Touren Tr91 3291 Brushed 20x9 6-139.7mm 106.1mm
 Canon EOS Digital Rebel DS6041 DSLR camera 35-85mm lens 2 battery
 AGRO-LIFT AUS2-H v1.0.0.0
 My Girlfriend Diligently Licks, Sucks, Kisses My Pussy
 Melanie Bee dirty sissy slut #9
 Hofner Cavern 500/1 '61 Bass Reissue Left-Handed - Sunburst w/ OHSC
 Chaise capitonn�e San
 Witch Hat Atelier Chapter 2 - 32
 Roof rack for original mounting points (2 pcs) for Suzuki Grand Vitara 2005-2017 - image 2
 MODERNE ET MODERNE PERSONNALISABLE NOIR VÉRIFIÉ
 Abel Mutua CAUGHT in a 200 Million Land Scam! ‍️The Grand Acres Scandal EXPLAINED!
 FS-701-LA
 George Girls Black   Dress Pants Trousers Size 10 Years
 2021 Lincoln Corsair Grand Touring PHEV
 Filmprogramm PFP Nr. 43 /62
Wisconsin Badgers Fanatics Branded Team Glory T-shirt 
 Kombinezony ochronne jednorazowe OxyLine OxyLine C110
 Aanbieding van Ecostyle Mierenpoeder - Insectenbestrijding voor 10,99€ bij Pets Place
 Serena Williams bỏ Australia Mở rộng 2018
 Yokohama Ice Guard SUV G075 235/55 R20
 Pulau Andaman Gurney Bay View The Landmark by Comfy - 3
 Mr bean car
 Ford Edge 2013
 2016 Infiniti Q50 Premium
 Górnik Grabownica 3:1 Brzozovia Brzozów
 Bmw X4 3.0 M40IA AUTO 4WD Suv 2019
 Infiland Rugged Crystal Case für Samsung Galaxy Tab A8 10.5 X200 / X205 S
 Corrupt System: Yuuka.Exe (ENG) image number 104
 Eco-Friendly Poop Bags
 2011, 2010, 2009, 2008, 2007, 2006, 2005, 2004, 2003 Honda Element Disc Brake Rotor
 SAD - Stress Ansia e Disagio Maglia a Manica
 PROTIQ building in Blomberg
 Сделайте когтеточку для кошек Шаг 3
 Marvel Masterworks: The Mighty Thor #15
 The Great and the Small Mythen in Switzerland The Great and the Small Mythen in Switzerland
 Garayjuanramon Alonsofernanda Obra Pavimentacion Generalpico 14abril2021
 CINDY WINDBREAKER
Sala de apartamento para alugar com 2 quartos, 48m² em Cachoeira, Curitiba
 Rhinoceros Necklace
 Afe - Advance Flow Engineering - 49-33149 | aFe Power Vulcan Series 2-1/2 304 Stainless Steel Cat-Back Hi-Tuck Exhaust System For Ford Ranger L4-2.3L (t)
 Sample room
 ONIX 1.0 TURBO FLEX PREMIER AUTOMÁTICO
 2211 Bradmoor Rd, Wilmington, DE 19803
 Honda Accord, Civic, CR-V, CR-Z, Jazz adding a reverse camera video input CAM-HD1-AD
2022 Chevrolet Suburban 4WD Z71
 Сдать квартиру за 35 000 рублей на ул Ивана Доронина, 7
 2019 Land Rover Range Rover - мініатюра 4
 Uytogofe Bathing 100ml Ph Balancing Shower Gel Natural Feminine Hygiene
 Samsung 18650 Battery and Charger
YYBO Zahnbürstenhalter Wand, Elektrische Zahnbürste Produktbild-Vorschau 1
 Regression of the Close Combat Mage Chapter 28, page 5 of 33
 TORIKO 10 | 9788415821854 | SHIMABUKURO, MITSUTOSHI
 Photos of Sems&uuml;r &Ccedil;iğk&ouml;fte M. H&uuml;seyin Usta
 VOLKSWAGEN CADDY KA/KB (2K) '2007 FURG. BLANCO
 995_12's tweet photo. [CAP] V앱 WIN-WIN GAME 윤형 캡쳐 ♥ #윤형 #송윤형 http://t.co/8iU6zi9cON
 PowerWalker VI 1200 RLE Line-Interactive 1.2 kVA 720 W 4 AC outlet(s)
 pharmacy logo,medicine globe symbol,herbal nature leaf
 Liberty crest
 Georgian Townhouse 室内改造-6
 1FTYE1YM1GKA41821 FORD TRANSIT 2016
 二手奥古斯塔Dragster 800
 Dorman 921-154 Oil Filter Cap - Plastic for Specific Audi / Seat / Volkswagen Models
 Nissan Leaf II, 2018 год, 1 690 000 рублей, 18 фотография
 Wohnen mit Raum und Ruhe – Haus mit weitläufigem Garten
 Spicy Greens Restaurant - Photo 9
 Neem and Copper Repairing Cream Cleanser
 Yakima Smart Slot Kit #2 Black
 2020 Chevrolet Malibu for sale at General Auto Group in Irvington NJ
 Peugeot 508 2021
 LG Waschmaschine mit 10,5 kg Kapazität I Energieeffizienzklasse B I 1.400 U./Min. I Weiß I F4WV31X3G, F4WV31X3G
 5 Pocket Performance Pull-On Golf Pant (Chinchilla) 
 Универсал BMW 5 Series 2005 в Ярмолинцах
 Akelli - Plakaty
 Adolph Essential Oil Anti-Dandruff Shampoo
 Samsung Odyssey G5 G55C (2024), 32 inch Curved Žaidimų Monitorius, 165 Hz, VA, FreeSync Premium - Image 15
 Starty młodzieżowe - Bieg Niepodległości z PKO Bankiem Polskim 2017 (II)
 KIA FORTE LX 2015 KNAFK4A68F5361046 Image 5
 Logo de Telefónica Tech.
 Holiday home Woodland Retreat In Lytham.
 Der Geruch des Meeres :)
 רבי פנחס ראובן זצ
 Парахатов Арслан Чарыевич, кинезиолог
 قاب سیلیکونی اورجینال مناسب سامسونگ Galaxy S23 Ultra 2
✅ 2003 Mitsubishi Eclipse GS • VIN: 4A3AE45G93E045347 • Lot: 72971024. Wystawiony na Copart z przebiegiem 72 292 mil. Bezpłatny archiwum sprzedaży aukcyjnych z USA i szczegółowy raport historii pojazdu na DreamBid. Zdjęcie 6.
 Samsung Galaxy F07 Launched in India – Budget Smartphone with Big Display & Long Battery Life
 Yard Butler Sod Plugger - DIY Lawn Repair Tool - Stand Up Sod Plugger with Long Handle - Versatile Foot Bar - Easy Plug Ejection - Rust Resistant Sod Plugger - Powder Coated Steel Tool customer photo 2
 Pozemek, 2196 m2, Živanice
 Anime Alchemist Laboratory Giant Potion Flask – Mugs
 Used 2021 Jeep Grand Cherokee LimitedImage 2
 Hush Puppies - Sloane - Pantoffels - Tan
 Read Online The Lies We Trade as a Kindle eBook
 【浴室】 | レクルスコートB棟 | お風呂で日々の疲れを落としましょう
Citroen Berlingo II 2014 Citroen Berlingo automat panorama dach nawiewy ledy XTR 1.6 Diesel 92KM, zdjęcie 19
---+---
Task instructions: From the material above, set down exactly the lines between the line holding "Samsung 18650 Battery and Charger" and the line holding "Nissan Leaf II, 2018", inclusive. Include nothing else.

Response box:
 Samsung 18650 Battery and Charger
YYBO Zahnbürstenhalter Wand, Elektrische Zahnbürste Produktbild-Vorschau 1
 Regression of the Close Combat Mage Chapter 28, page 5 of 33
 TORIKO 10 | 9788415821854 | SHIMABUKURO, MITSUTOSHI
 Photos of Sems&uuml;r &Ccedil;iğk&ouml;fte M. H&uuml;seyin Usta
 VOLKSWAGEN CADDY KA/KB (2K) '2007 FURG. BLANCO
 995_12's tweet photo. [CAP] V앱 WIN-WIN GAME 윤형 캡쳐 ♥ #윤형 #송윤형 http://t.co/8iU6zi9cON
 PowerWalker VI 1200 RLE Line-Interactive 1.2 kVA 720 W 4 AC outlet(s)
 pharmacy logo,medicine globe symbol,herbal nature leaf
 Liberty crest
 Georgian Townhouse 室内改造-6
 1FTYE1YM1GKA41821 FORD TRANSIT 2016
 二手奥古斯塔Dragster 800
 Dorman 921-154 Oil Filter Cap - Plastic for Specific Audi / Seat / Volkswagen Models
 Nissan Leaf II, 2018 год, 1 690 000 рублей, 18 фотография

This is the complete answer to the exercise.